Référence neutre : [1979] 2 R.C.S. 305 ?
Identifiant URN:LEX : urn:lex;ca;cour.supreme;arret;1979-06-14;.1979..2.r.c.s..305 ?

Analyses :

Droit criminel - Enquête préliminaire - Contre-interrogatoire sur pré-enquête refusé par le magistrat - Certiorari refusé.

Au cours d’une enquête préliminaire le magistrat a accueilli l’objection de l’avocat du ministère public qui s’opposait à ce que l’avocat du prévenu contre-interroge un témoin de la poursuite relativement à sa déposition faite lors d’une pré-enquête. La Cour supérieure a émis un certiorari pour casser la décision du magistrat. La Cour d’appel ayant confirmé le jugement de la Cour supérieure, l’appelant se pourvoit devant cette Cour.

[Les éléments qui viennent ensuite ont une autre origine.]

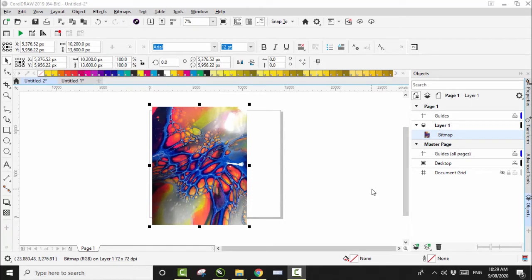G'day guys, Ash here from Soul Creed Clothing. Today we're going to be doing a set of leggings from the same fluid art piece I did the other day, which I did a tutorial on and made a swimsuit from. So today we're going to do leggings.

Arrêt: Le pourvoi doit être accueilli.

Il n’y a lieu à certiorari contre le magistrat qui tient une enquête préliminaire qu’au seul cas de défaut de compétence: une décision, même erronée, sur l’admissibilité d’une preuve ne porte pas atteinte à la compétence. En l’espèce, rien ne démontre que les questions non autorisées portaient sur un point fondamental et que la décision de ne pas les autoriser pouvait réellement influer sur le résultat final de l’enquête. Le certiorari est un recours de nature discrétionnaire. Dans l’exercice du pouvoir discrétionnaire à l’égard d’une enquête préliminaire, il est essentiel à l’administration efficace de la justice pénale, de bien considérer qu’il est d’importance primordiale d’éviter tout retard inutile, particulièrement le retard à mener une affaire au procès.


Parties :

Demandeurs : Procureur général (Québec)
Défendeurs : Cohen

Texte :

Cour suprême du Canada

Procureur général (Québec) c. Cohen, [1979] 2 R.C.S. 305

Date: 1979-06-14

Le procureur général de la province de Québec (Intimé en Cour supérieure) Appelant;

et

Ronald Cohen (Requérant en Cour supérieure) Intimé;

et

Rhéal Brunet et Denis Forget Mis en cause.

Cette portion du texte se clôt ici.